[The input — start]
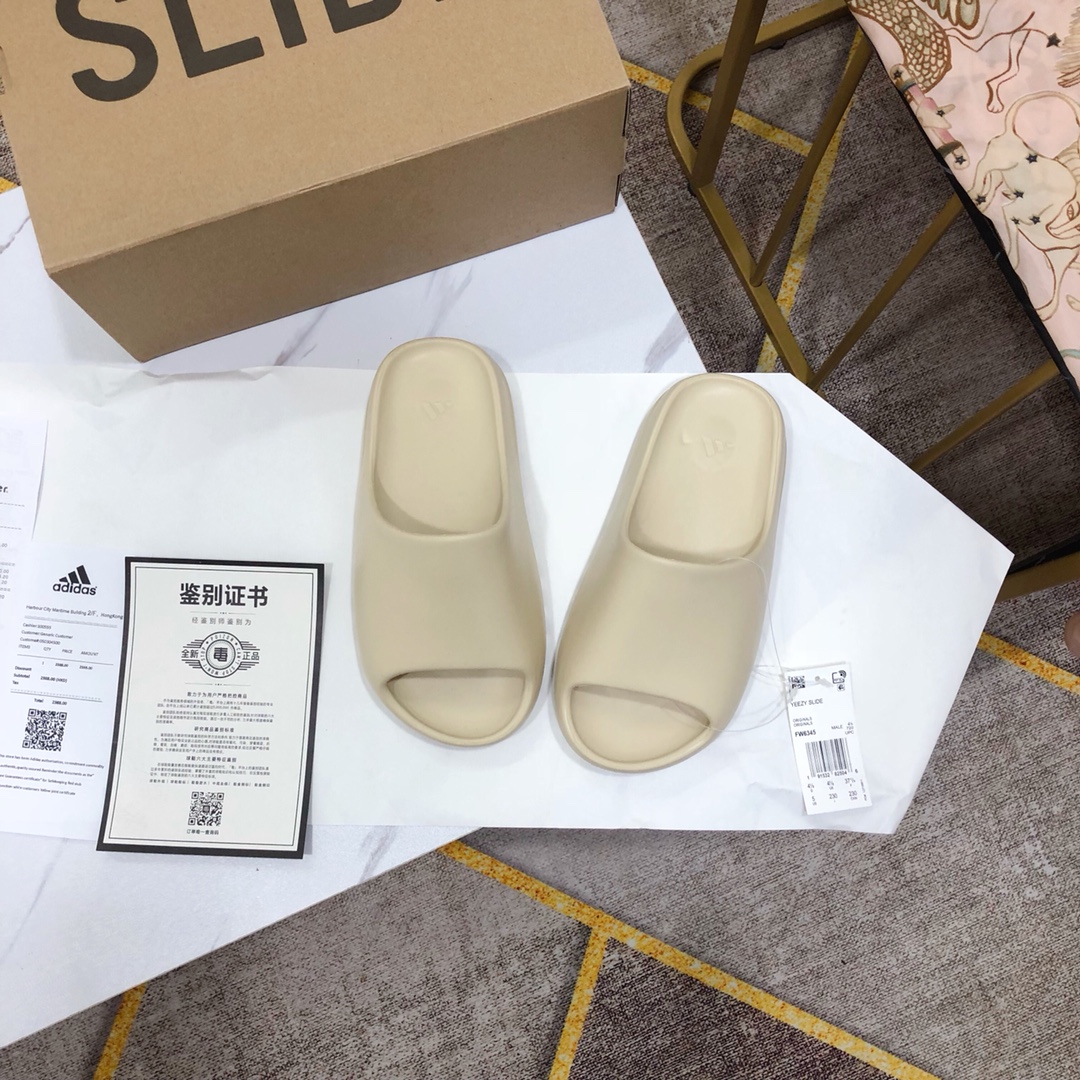 Unknown 男女鞋采用EVA泡棉式一体成形鞋模#配置鞋底凹埳设计亦提供缓震及抓地力 侃爷再度联乘Kanye West x Adidas Yeezy Slide“Bone”椰子户外风格沙滩涉水百搭运动穿搭拖鞋拖鞋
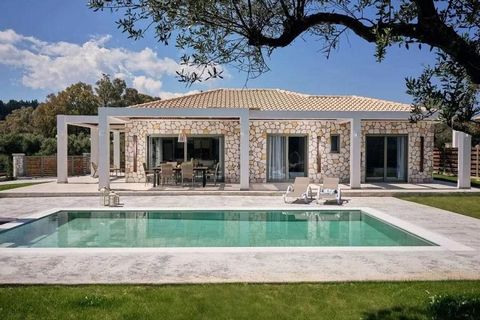 Do you dream of living in a luxury villa, fully furnished, by the sea, on an island paradise? Look no further, we've found the perfect property for you! Located in the protected area of Gerakas, in Vasilikos, this villa is part of an exclusive privat...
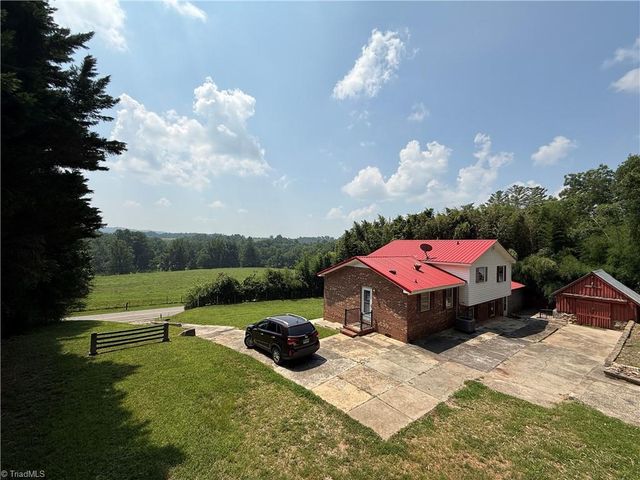 549 Ararat Hwy, Ararat, VA 24053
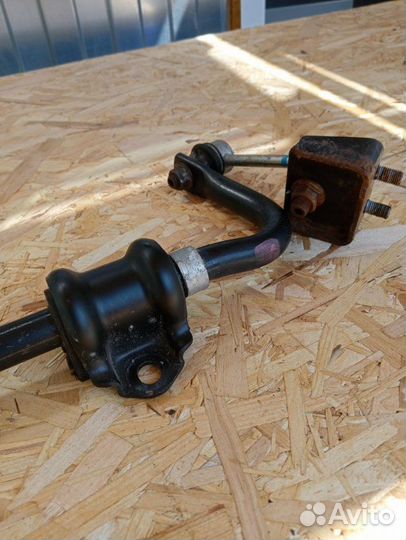 Стабилизатор задний в сборе задний Lexus Rx350 2GR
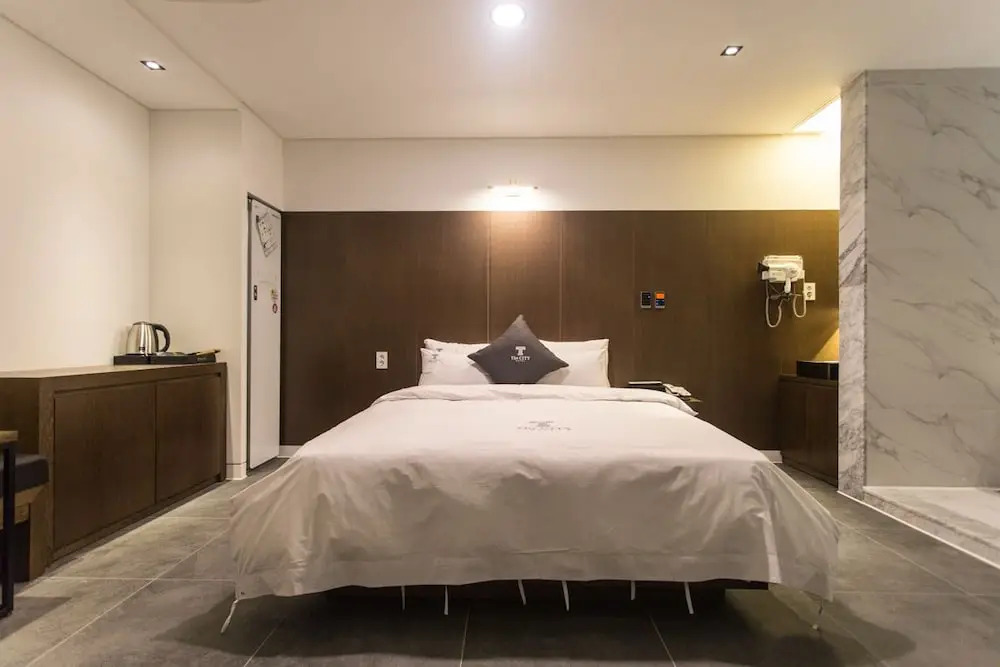 Best In City Hotel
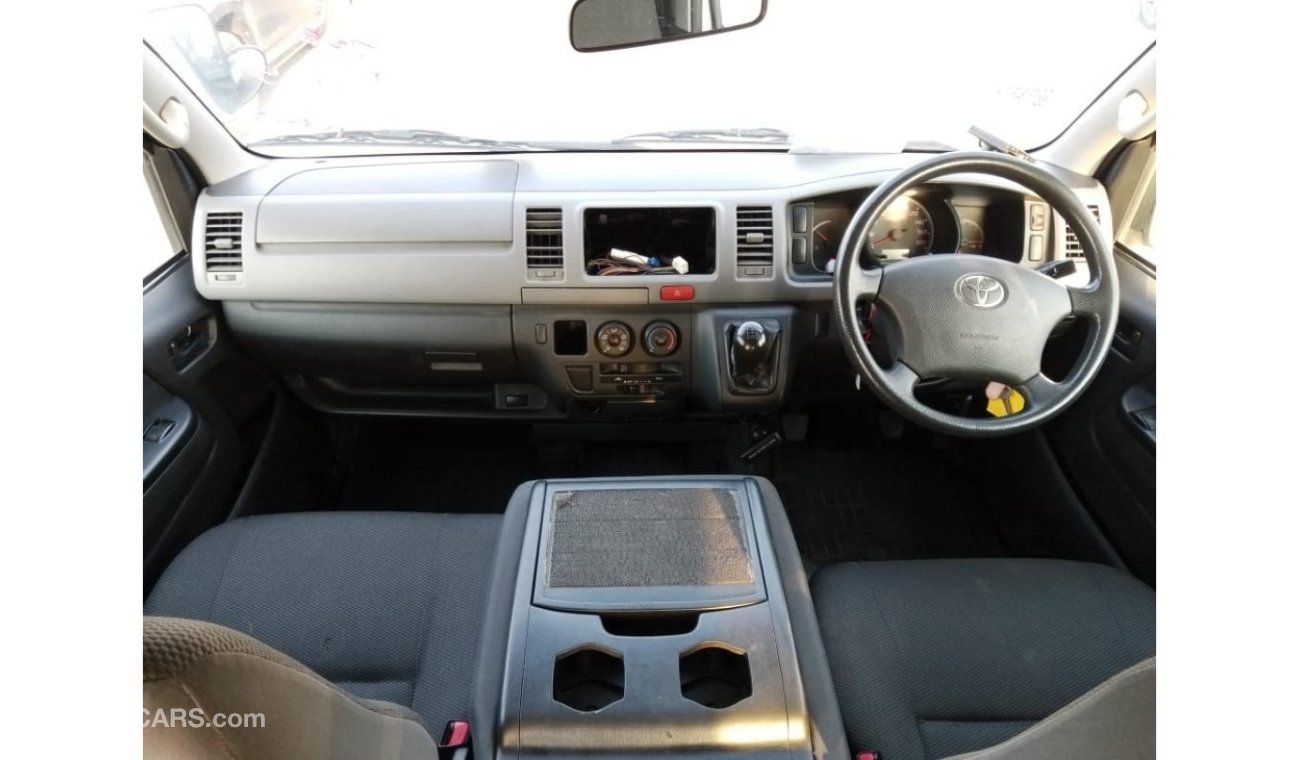 تويوتا هاياس TOYOTA HIACE VAN RIGHT HAND DRIVE (PM 891)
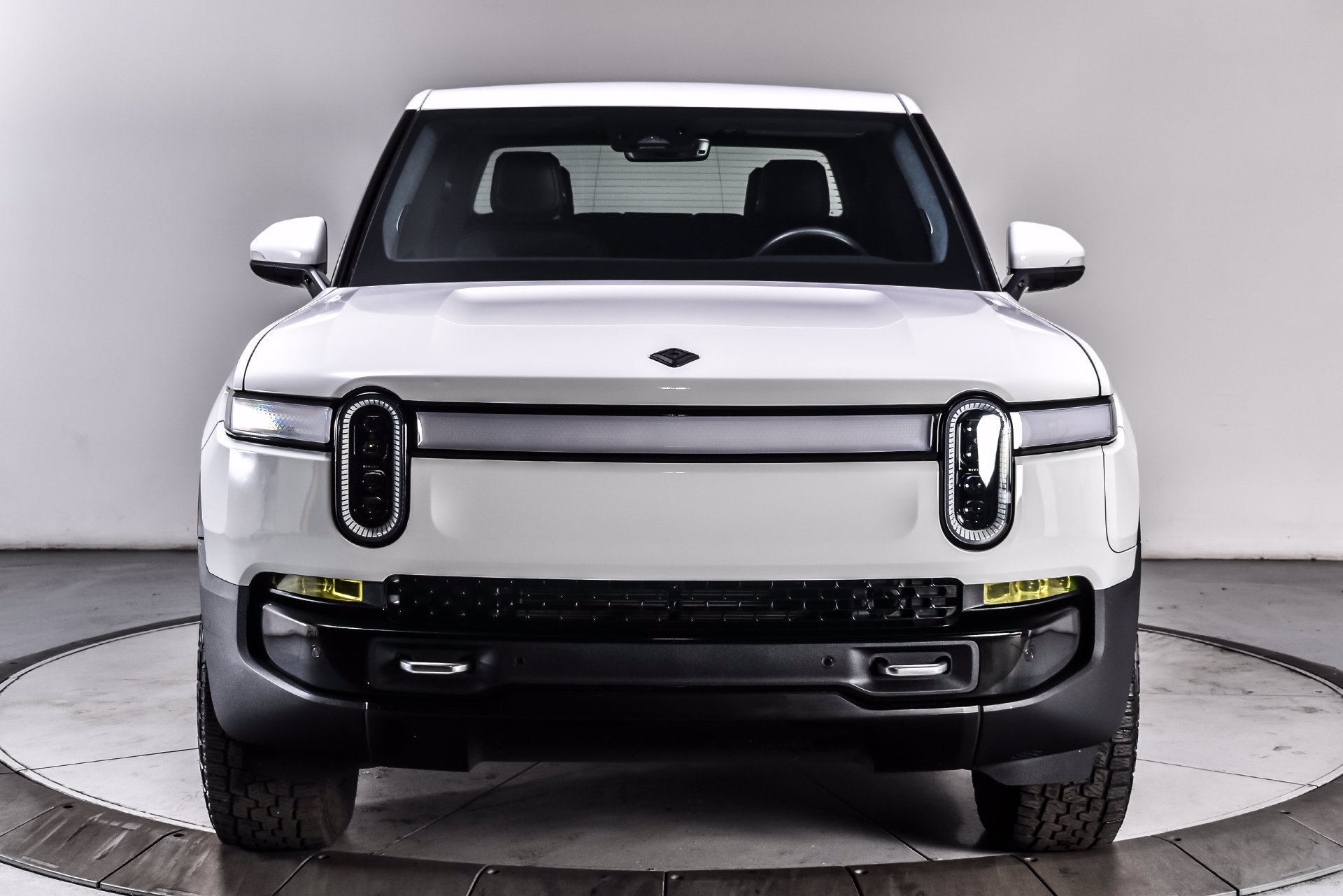 Used 2023 Rivian R1T Adventure Dual AWD/4WD image 2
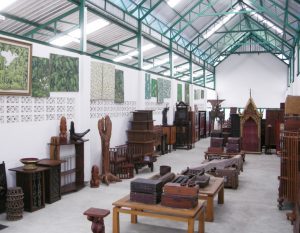 Under the Bo - Asian Antiques and Arts - Warehouse in Chiang Mai, Hangdong Thailand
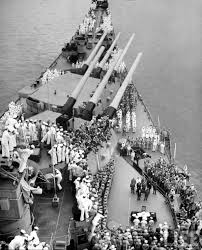 Japanese Surrender Ceremony Aboard 16 In Battleship Uss Missouri Tokyo Bay 2 September 1945 Navire De Guerre Cuirasse Guerre Mondiale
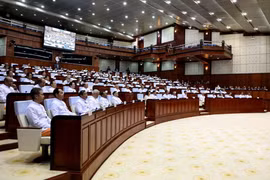 Toàn cảnh kỳ họp thứ nhất Quốc hội Campuchia khóa VII ở Phnom Penh, ngày 21/8. (Ảnh: AFP/TTXVN)
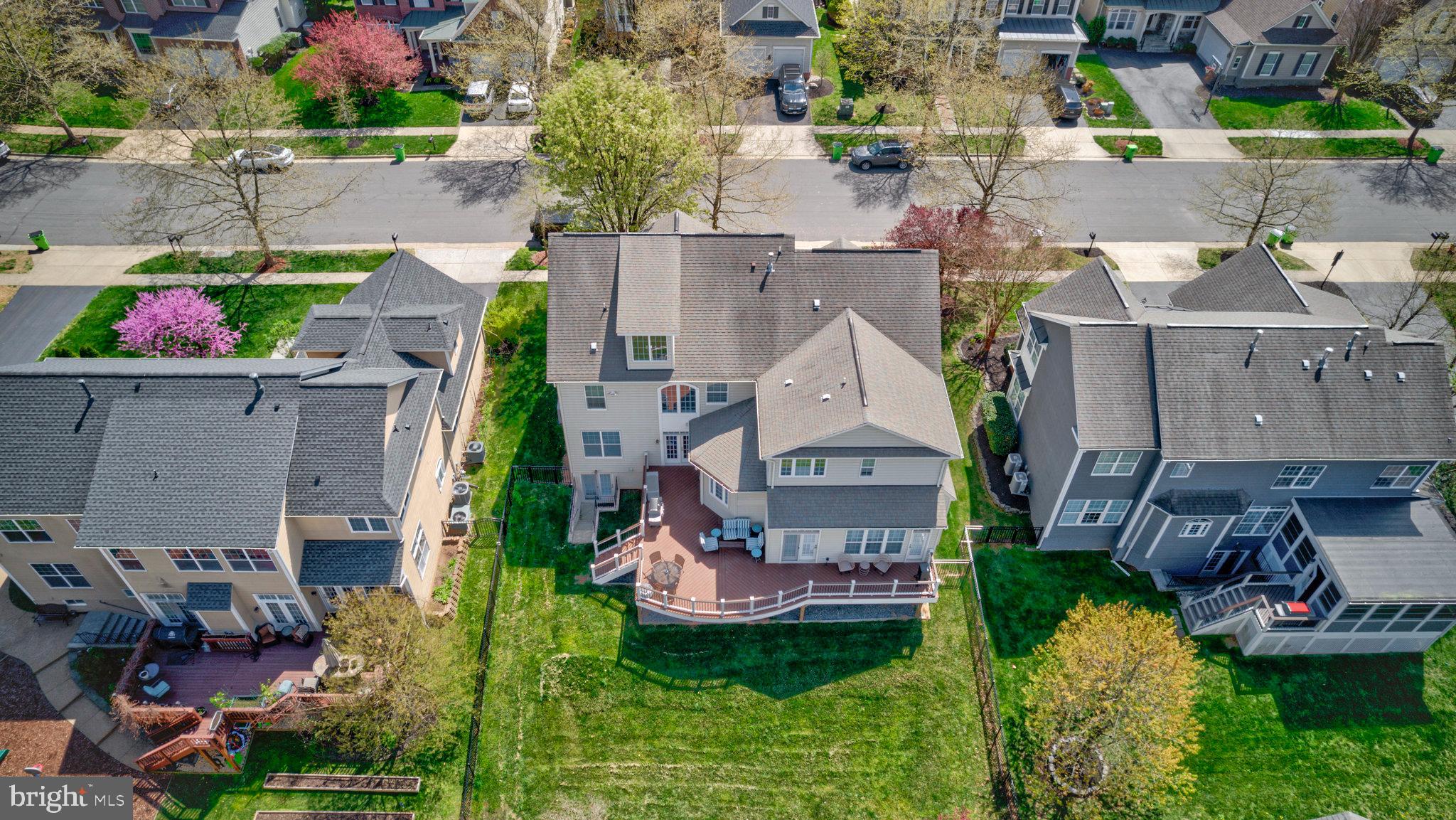 44136 Riverpoint Dr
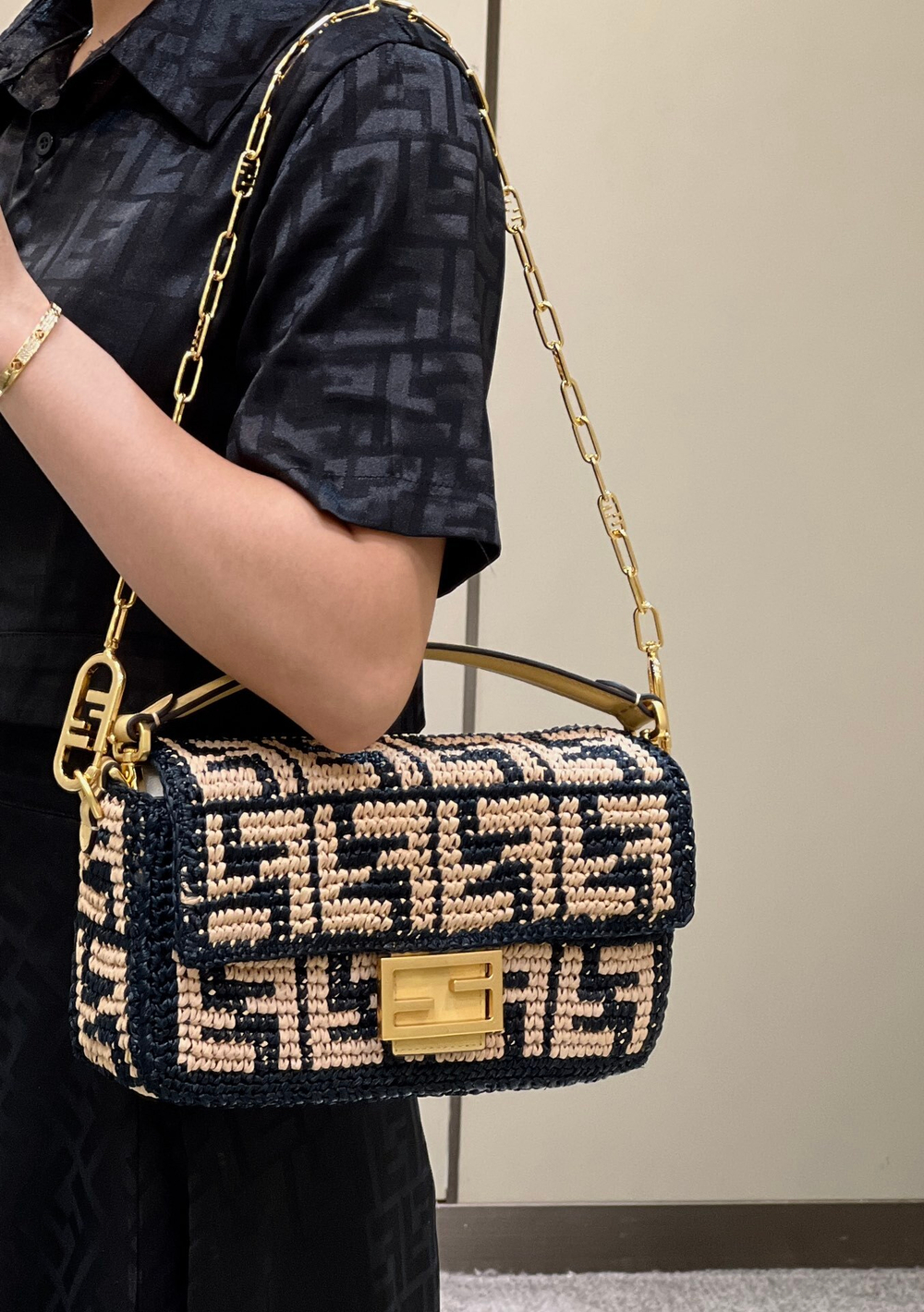 Fendi Baguette 27 cm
[The input — finish]
**The task**:
The records above should be output exactly, but without any of their pictures.

**Your response**:
 Unknown 男女鞋采用EVA泡棉式一体成形鞋模#配置鞋底凹埳设计亦提供缓震及抓地力 侃爷再度联乘Kanye West x Adidas Yeezy Slide“Bone”椰子户外风格沙滩涉水百搭运动穿搭拖鞋拖鞋
 Do you dream of living in a luxury villa, fully furnished, by the sea, on an island paradise? Look no further, we've found the perfect property for you! Located in the protected area of Gerakas, in Vasilikos, this villa is part of an exclusive privat...
 549 Ararat Hwy, Ararat, VA 24053
 Стабилизатор задний в сборе задний Lexus Rx350 2GR
 Best In City Hotel
 تويوتا هاياس TOYOTA HIACE VAN RIGHT HAND DRIVE (PM 891)
 Used 2023 Rivian R1T Adventure Dual AWD/4WD image 2
 Under the Bo - Asian Antiques and Arts - Warehouse in Chiang Mai, Hangdong Thailand
 Japanese Surrender Ceremony Aboard 16 In Battleship Uss Missouri Tokyo Bay 2 September 1945 Navire De Guerre Cuirasse Guerre Mondiale
 Toàn cảnh kỳ họp thứ nhất Quốc hội Campuchia khóa VII ở Phnom Penh, ngày 21/8. (Ảnh: AFP/TTXVN)
 44136 Riverpoint Dr
 Fendi Baguette 27 cm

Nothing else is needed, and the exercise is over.